74 - name: selinux-user-role
75 match:
76 any:
77 - resources:
78 kinds:
79 - Pod
80 validate:
81 cel:
82 expressions:
83 - expression: >-
84 !has(object.spec.securityContext) ||
85 !has(object.spec.securityContext.seLinuxOptions) ||
86 (!has(object.spec.securityContext.seLinuxOptions.user) && !has(object.spec.securityContext.seLinuxOptions.role))
87 message: >-
88 Setting the SELinux user or role is forbidden.
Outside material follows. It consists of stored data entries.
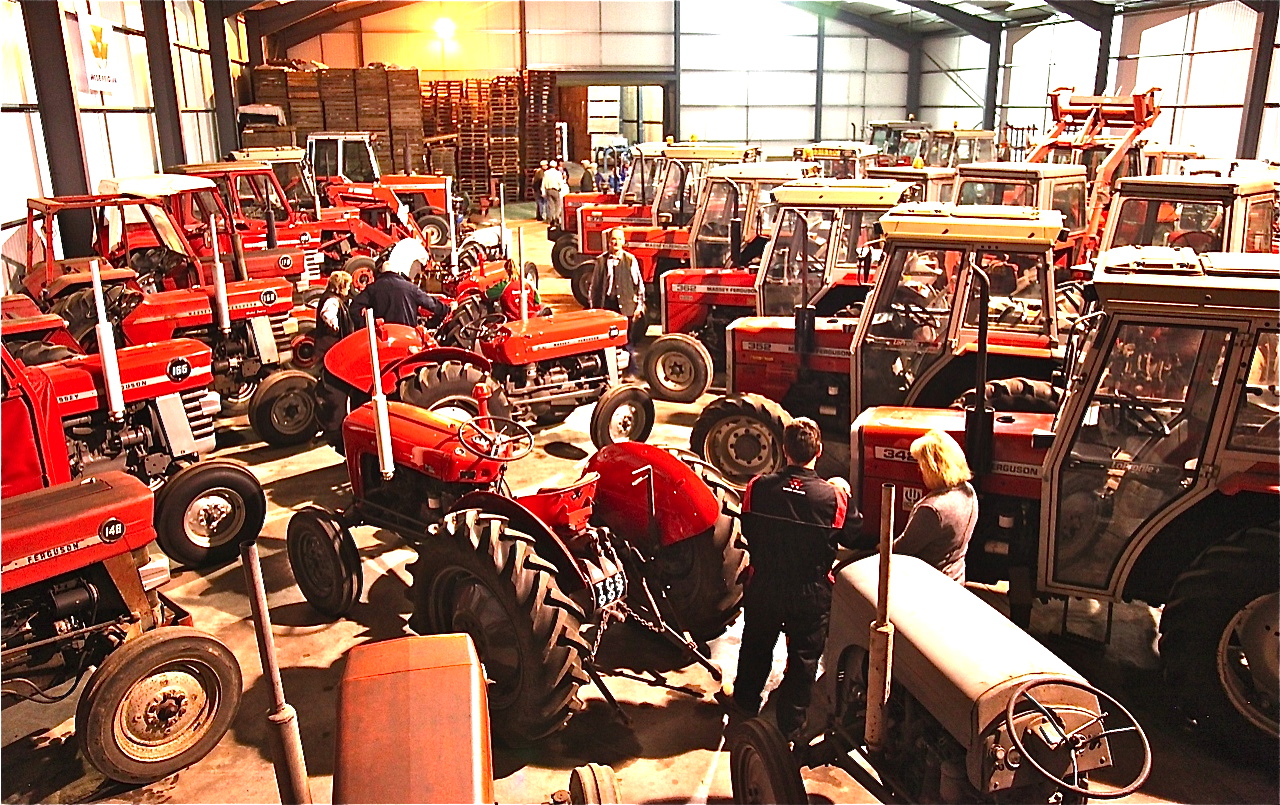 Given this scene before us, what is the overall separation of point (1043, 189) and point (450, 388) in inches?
305

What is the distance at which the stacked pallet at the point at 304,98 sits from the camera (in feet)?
77.0

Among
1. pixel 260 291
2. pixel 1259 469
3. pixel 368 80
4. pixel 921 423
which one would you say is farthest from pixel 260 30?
pixel 1259 469

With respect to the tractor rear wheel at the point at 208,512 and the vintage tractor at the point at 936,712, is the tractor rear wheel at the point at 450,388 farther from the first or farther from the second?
the vintage tractor at the point at 936,712

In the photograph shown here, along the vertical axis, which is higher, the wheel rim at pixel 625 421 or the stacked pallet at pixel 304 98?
the stacked pallet at pixel 304 98

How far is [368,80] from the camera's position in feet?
78.2

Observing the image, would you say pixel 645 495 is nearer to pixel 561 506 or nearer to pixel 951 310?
pixel 561 506

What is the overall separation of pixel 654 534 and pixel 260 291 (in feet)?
22.1

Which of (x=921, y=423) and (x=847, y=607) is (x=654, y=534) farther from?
(x=921, y=423)

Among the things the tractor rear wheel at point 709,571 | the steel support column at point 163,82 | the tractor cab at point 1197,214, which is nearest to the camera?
the tractor rear wheel at point 709,571

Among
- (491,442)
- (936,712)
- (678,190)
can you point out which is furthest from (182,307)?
(936,712)

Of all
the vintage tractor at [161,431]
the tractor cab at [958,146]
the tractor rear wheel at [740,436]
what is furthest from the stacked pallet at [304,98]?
the tractor rear wheel at [740,436]

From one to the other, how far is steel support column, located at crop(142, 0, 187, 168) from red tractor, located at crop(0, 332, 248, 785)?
Answer: 13366 mm

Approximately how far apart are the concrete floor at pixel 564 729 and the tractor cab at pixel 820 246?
3973 mm

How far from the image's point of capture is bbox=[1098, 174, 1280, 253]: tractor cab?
363 inches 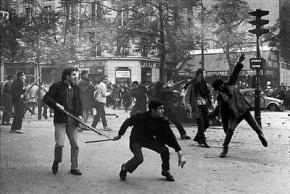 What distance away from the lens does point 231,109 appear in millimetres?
5668

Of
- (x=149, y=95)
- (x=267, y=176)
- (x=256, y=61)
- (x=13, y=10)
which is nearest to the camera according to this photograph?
(x=256, y=61)

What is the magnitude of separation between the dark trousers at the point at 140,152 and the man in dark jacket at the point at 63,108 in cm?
76

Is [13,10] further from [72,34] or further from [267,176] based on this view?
[267,176]

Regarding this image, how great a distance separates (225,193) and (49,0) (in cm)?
304

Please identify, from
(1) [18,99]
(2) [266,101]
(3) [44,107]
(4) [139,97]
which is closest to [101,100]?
(4) [139,97]

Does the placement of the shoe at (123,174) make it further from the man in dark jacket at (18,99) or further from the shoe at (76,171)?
the man in dark jacket at (18,99)

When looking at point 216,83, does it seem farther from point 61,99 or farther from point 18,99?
point 18,99

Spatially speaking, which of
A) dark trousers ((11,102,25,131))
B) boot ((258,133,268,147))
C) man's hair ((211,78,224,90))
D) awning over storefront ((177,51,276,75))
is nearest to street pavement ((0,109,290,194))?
boot ((258,133,268,147))

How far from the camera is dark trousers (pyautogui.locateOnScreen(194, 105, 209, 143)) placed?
5442 mm

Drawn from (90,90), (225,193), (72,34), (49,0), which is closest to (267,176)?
(225,193)

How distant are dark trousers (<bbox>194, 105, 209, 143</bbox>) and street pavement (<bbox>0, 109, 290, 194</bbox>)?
8 centimetres

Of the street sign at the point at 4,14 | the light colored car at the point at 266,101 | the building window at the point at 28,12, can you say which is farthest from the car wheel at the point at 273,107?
the street sign at the point at 4,14

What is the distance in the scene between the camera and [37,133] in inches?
269

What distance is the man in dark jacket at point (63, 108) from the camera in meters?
6.10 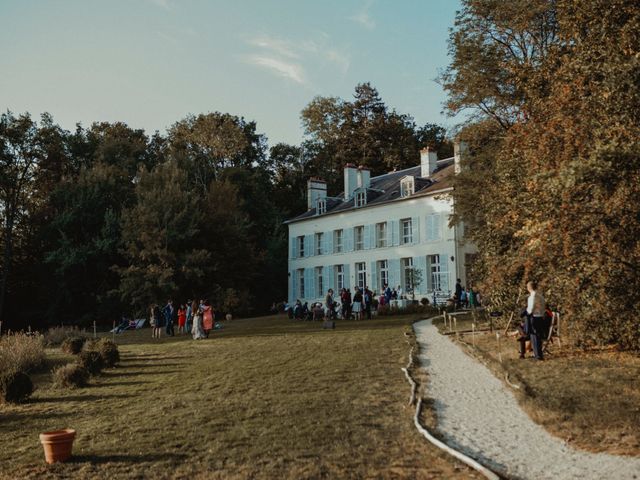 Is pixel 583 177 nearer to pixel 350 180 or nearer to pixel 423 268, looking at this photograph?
pixel 423 268

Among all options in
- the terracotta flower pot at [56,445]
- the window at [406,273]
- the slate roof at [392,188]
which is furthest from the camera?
the slate roof at [392,188]

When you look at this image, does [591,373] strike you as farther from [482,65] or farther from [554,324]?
[482,65]

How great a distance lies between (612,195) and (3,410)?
9.33m

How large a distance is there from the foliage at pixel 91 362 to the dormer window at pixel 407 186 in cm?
2640

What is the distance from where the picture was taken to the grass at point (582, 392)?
23.5 ft

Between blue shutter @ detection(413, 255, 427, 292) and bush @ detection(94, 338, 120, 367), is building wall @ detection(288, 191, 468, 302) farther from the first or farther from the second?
bush @ detection(94, 338, 120, 367)

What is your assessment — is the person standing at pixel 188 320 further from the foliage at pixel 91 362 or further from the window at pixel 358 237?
the window at pixel 358 237

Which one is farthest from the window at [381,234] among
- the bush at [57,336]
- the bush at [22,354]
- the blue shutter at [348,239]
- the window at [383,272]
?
the bush at [22,354]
The fields
89 spec.securityContext.seLinuxOptions.user and spec.securityContext.seLinuxOptions.role must be unset.
90
91 - expression: >-
92 object.spec.containers.all(container, !has(container.securityContext) ||
93 !has(container.securityContext.seLinuxOptions) ||
94 (!has(container.securityContext.seLinuxOptions.user) && !has(container.securityContext.seLinuxOptions.role)))
95 message: >-
96 Setting the SELinux user or role is forbidden. The fields
97 spec.containers[*].securityContext.seLinuxOptions.user and spec.containers[*].securityContext.seLinuxOptions.role must be unset.
98
99 - expression: >-
100 !has(object.spec.initContainers) ||
101 object.spec.initContainers.all(container, !has(container.securityContext) ||
102 !has(container.securityContext.seLinuxOptions) ||
103 (!has(container.securityContext.seLinuxOptions.user) && !has(container.securityContext.seLinuxOptions.role)))
104 message: >-
105 Setting the SELinux user or role is forbidden. The fields
106 spec.initContainers[*].securityContext.seLinuxOptions.user and spec.initContainers[*].securityContext.seLinuxOptions.role must be unset.
107
108 - expression: >-
109 !has(object.spec.ephemeralContainers) ||
110 object.spec.ephemeralContainers.all(container, !has(container.securityContext) ||
111 !has(container.securityContext.seLinuxOptions) ||
112 (!has(container.securityContext.seLinuxOptions.user) && !has(container.securityContext.seLinuxOptions.role)))
113 message: >-
114 Setting the SELinux user or role is forbidden. The fields
115 spec.ephemeralContainers[*].securityContext.seLinuxOptions.user and spec.ephemeralContainers[*].securityContext.seLinuxOptions.role must be unset.